Genel Anestezi Sonrası Gelişen Negatif Basınçlı Akciğer Ödemi: Olgu Sunumu
Ayşe Özer Odabaş, Sevil Tüfekçi, Mesure Gül Nihan Özden, Serhan Sarar
İMÜ Göztepe Süleyman Yalçın Şehir Hastanesi
Giriş: Negatif basınçlı akciğer ödemi genel anestezi uygulanan hastalarda ekstübasyon sonrası üst havayolu obstrüksiyonuna sekonder gelişen bir komplikasyondur. Erken tanı ve uygun tedavi morbidite ve mortalitenin önlenmesinde önemlidir. Olgumuzda genel anestezi ekstübasyonunu takiben gelişen hipoksiyi ayırıcı tanılarıyla birlikte sunmayı amaçladık.
Olgu: Olgumuz ASA II (ankilozan spondilit tanılı), 23 yaşında 73 kg, BMI:22 erkek hastadır. Septoplasti ve konka RF ablasyon ameliyatı sırasında solunumsal ve hemodinamik stabil seyreden hasta, ekstübasyonunu takiben solunum sıkıntısıyla birlikte pempe köpüklü balgam gelişi oldu. Derlenme ünitesinde 12 lt/dk oksijen tedavisinde bazallerde rallerle birlikte akciğer sesleri bilateral azalmış, kardiak ek ses ve üfürüm duyulmadan TA:110/65 mmHg KTA:95/dk SpO2:%84 olarak ölçüldü.
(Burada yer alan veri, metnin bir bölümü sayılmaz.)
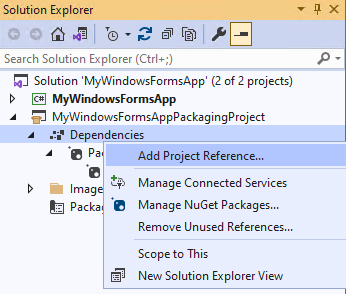 Add Project Reference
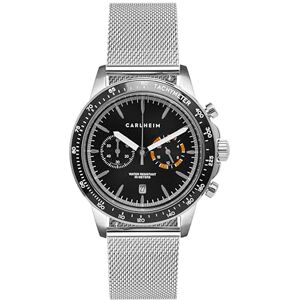 Carlheim Herrklockor Aksel 4005 silver svart mesh hastighetsmätare Carlheim Herrklockor Aksel 4005 silver svart mesh hastighetsmätare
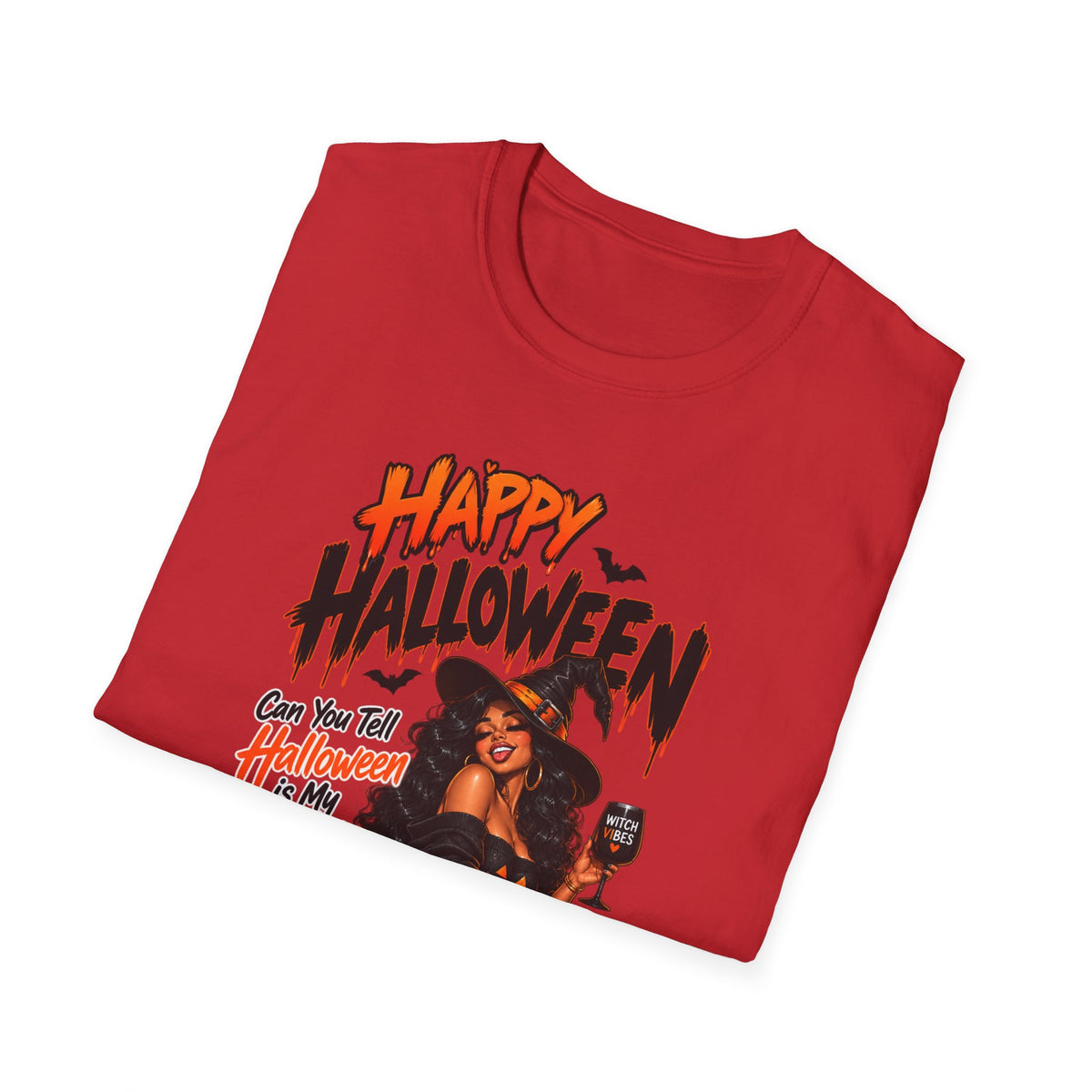 Happy Halloween Witch Pumpkin T-Shirt — Retro Pinup Halloween Graphic Tee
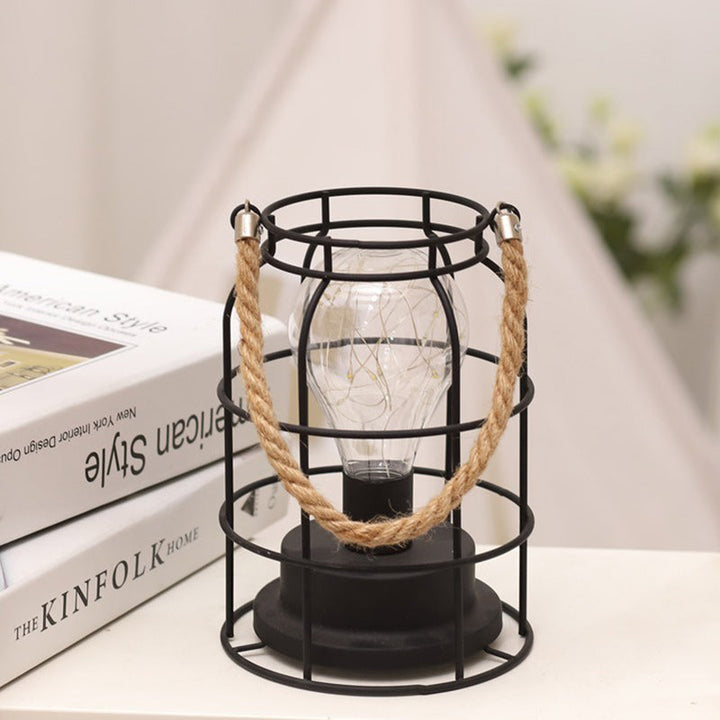 Modern Minimalistisk Vertikal Randig Fyrkantig Rund Järn LED Bordslampa För Vardagsrum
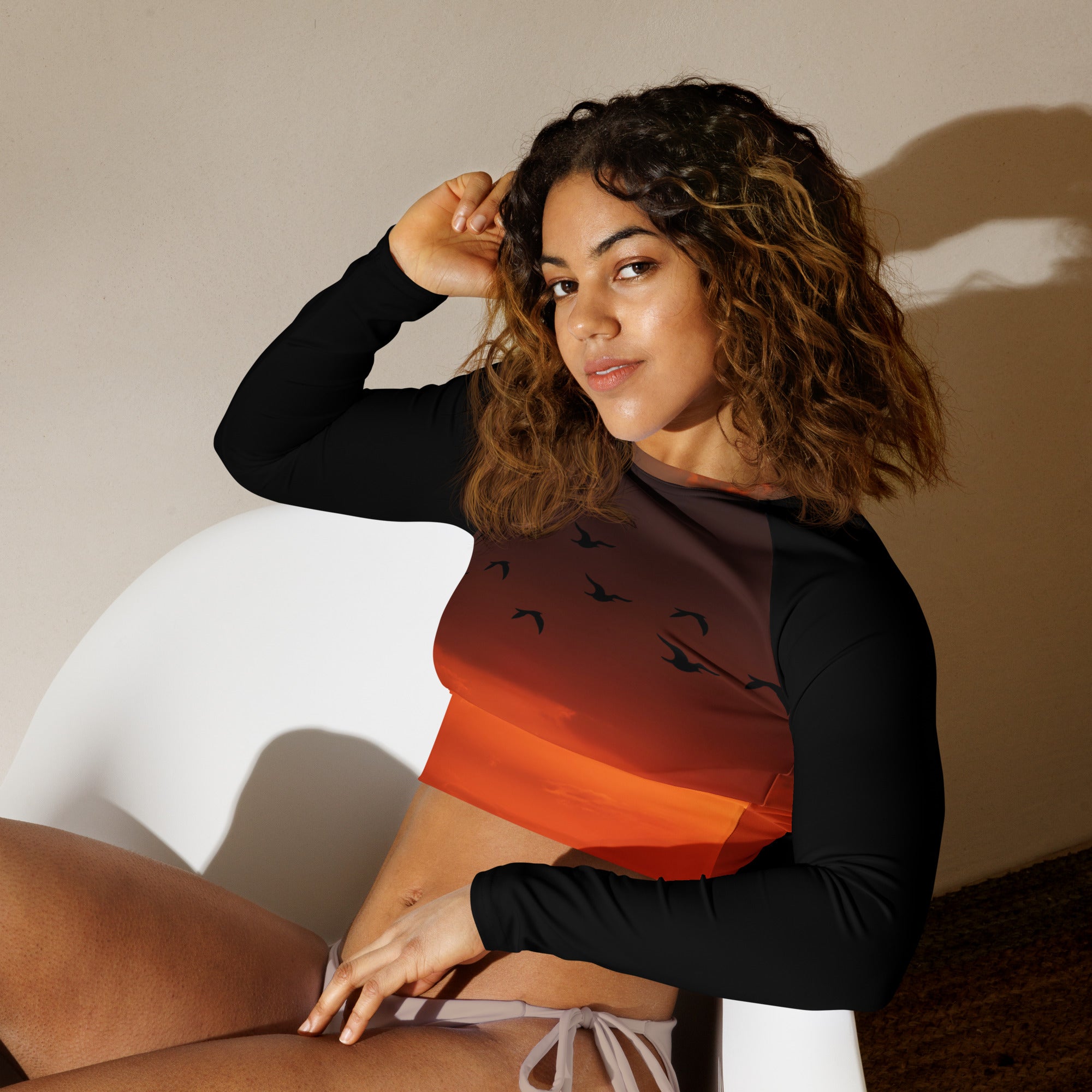 Long-sleeve crop top ( The Sunset Collection )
Arter kan gazı analizi pH:7.30, PCO2:43.2, PO2:52.7 ve SO2:82 olarak saptandı. Akciğer grafisinde bilateral interstisyel ödem görünüm, EKG:NSR olarak değerlendirildi. Negatif basınçlı akciğer ödemi ön tanısı ile pozitif basınçlı aralıklı non-invaziv mekanik ventilasyon desteği ve furosemid 30 mg tedavileri uygulandı. Tedavi sonrası kan gazı Ph:7.46 pCO2:32.7 pO2: 110 SO2:99.1 ve TA:140/77 mmhg KTA:82/dk SpO2:%97 gözlendi. Bir gün yoğun bakımda takip edilen hasta, serviste de bir gün kaldıktan sonra taburcu edilmiştir.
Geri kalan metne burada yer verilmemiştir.